**Work instructions:**
Only one stretch of the records below should be repeated. It starts with the line containing "Kitchen or kitchenette in Ege Apartments" and goes on through the line containing "Splat Daily Complex++", exactly as written.

**Provided entries:**
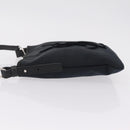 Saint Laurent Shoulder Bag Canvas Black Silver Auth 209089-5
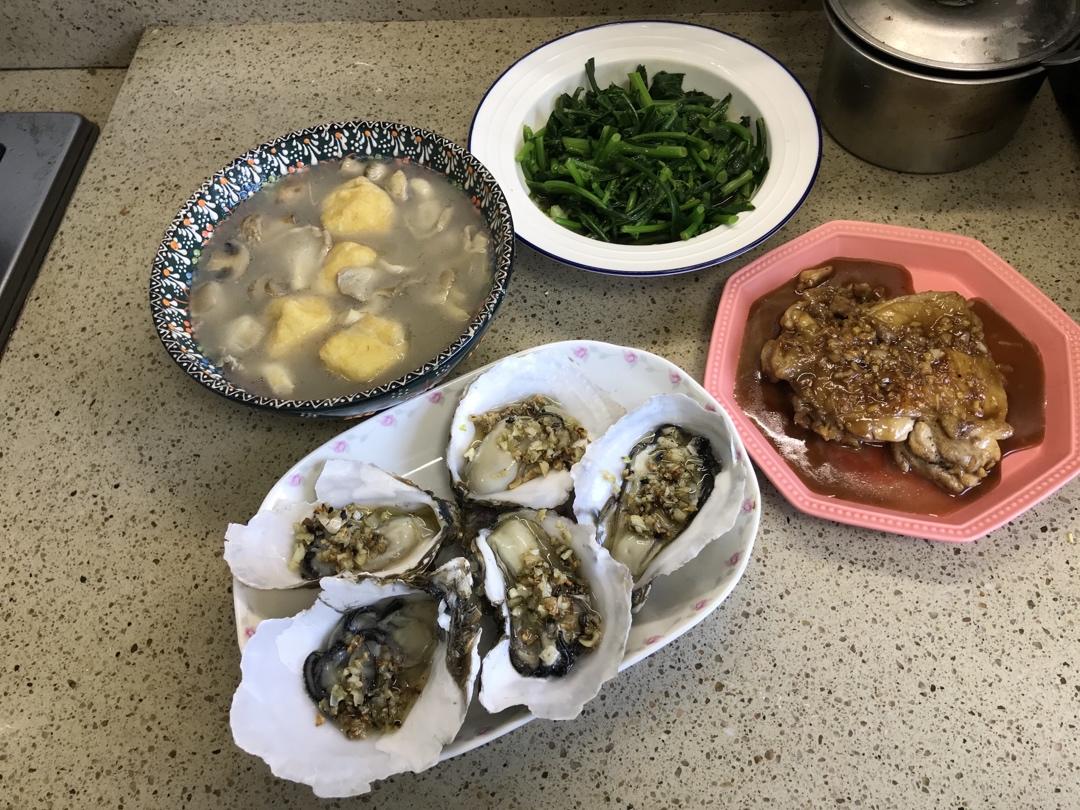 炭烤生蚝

* * *

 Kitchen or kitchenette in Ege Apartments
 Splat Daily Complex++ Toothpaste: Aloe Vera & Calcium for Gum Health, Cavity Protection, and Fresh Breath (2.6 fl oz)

**Task output:**
 Kitchen or kitchenette in Ege Apartments
 Splat Daily Complex++ Toothpaste: Aloe Vera & Calcium for Gum Health, Cavity Protection, and Fresh Breath (2.6 fl oz)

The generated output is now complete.